MG: Michel Houellebecq is a great writer. A seismograph of the contemporary world and the devaluation of masculinity. In France, I have the feeling that he is angrier with men than with women. Michel Houellebecq idealizes women, which is why he also often writes crudely about them. He refuses sexuality and is too romantic, which transforms him into a pessimist. Submission is a racist novel. When he published it, people called him a genius too fast. His best book, in my opinion, is The Map and the Territory. The writing doesn’t feel labored, but it is grandiose. Even the title of Submission is a fraud. Submission is how the far-right in France translates the Arabic word “Islam,” which really means submission to peace. You see the mistake? It’s terrible. It’s dishonest.

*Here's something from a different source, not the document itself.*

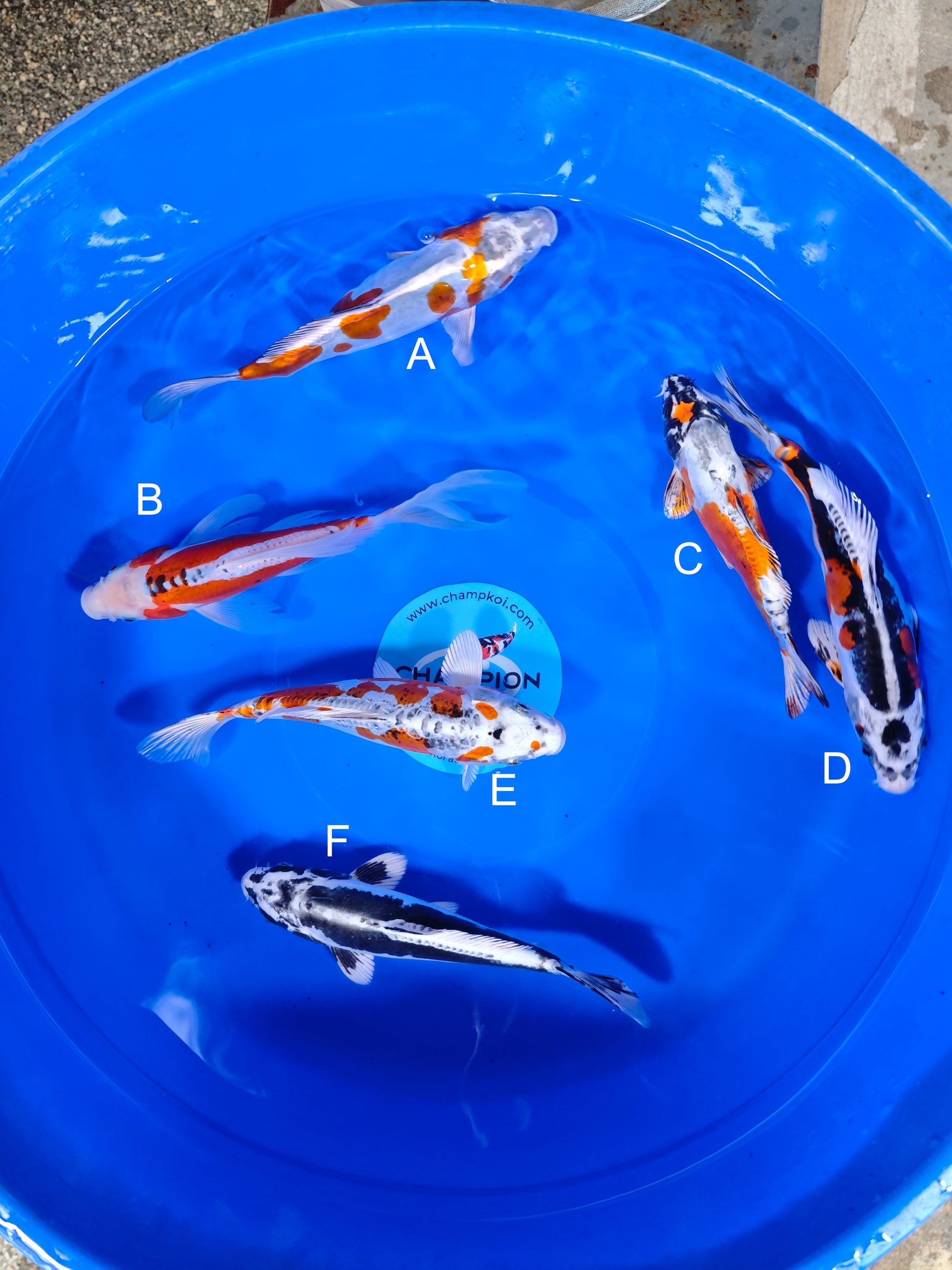 Koi fish for sale — 26-29 cm Suda Ginrin Kogane at ChampKoi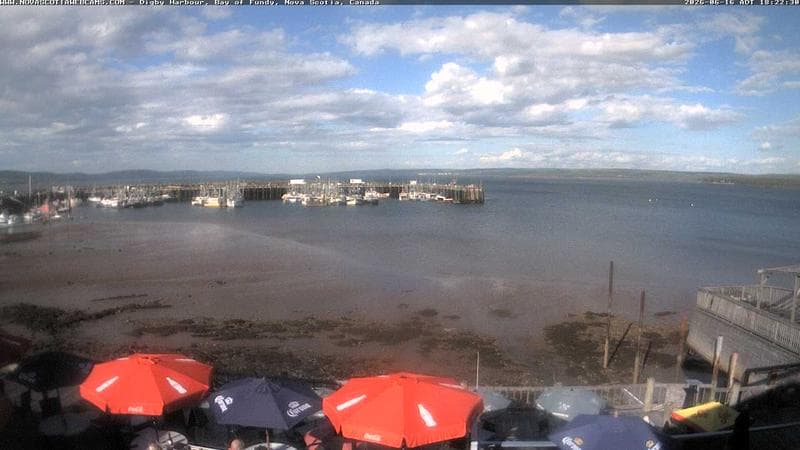 Digby Harbour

So, I am happy to be compared to Michel Houellebecq because he’s a great writer, maybe because we are both realist writers, sharing the artistic current of dirty realism. But otherwise, I am an enthusiastic hyper-humanist. I believe in trust, I love my country, I love its past, its present, and also its future. Michel Houllebecq has a death wish. I would like Michel to have a life wish, which pulls us upwards and doesn’t make us depressed. He is close with populists, like Laurent Obertone, who he introduced to Nicolas Sarkozy. Their ideas are similar to Steve Bannon’s. And I can’t accept that. These fucking populists, we’ll show them how to live together and what civilization means, we’ll kick their asses. Sorry, I am getting carried away. He spreads hate everywhere, he plays with nations like he’s going bowling. These are Hitler’s grandchildren who got a keyboard and a mouse and who toy around with the internet.
JRR: Would you share some of the new writing in French that you are excited about?
MG: Some must-reads are Disoriental by Négar Djavadi, Vernon Subutex 1 and King-Kong Theory by Virginie Despentes, Un océan, deux mers, trois continentsby Wilfried N’Sondé, and The Life Before Us by Romain Gary, which is a masterpiece. I also recently discovered Alone in Berlin by Hans Fallada, who is a German author, and German Autumn by Stig Dagerman, which are two extraordinary books.